CVE-2017-10235: VirtualBox E1000 device buffer overflow

Introduction

The following document details a bug found in VirtualBox v5.1.22 (now fixed in v5.1.24), in the guest device emulation component DevE1000 (Intel 82540EM Ethernet Controller Emulation), in the function e1kFallbackAddToFrame, which leads to a buffer overflow in the host when the guest OS is controlled by an attacker.

The bug was acknowledged by Oracle in the CPU of July 2017 with the issued CVE-2017-10235.

The vulnerability was corroborated with both a Linux (Ubuntu 16.04) and a Windows (v8.1) host running a Linux (also Ubuntu 16.04) guest, but the vulnerability could be triggered in many different host/guest combinations.

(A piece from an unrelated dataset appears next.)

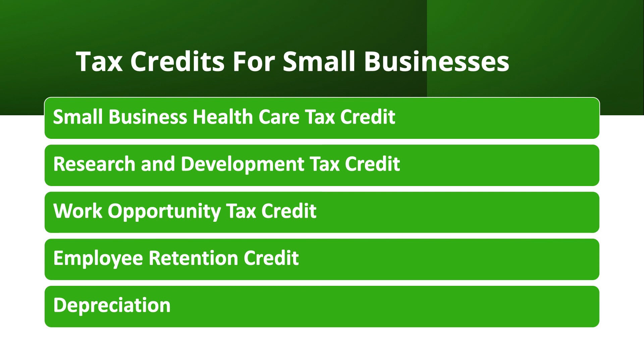Next we have the Work Opportunity Tax Credit. This credit is available to businesses that hire individuals from certain targeted groups, such as veterans, ex-felons, and individuals receiving certain government assistance. The credit can be up to 40% of the first-year wages paid to eligible employees, up to the maximum amount. This is why a lot of businesses heavily focus on hiring veterans — it's a government incentive that says: if you hire these classes of people, we'll give you a tax credit.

In all scenarios the default network configuration is assumed: only one network adapter attached to NAT of type Intel PRO/1000 MT Desktop (82540EM).

Since control structures (including function pointers) can be overwritten with attacker controlled data, it is safe to assume that remote code execution could be achieved in many scenarios. Oracle assigned a low CVSS score to this bug because it regarded that it had a None confidentiality risk and a Low integrity, which we believe does not reflect the full compromising potentiality of this bug (an explanation for the possibility of RCE is given below).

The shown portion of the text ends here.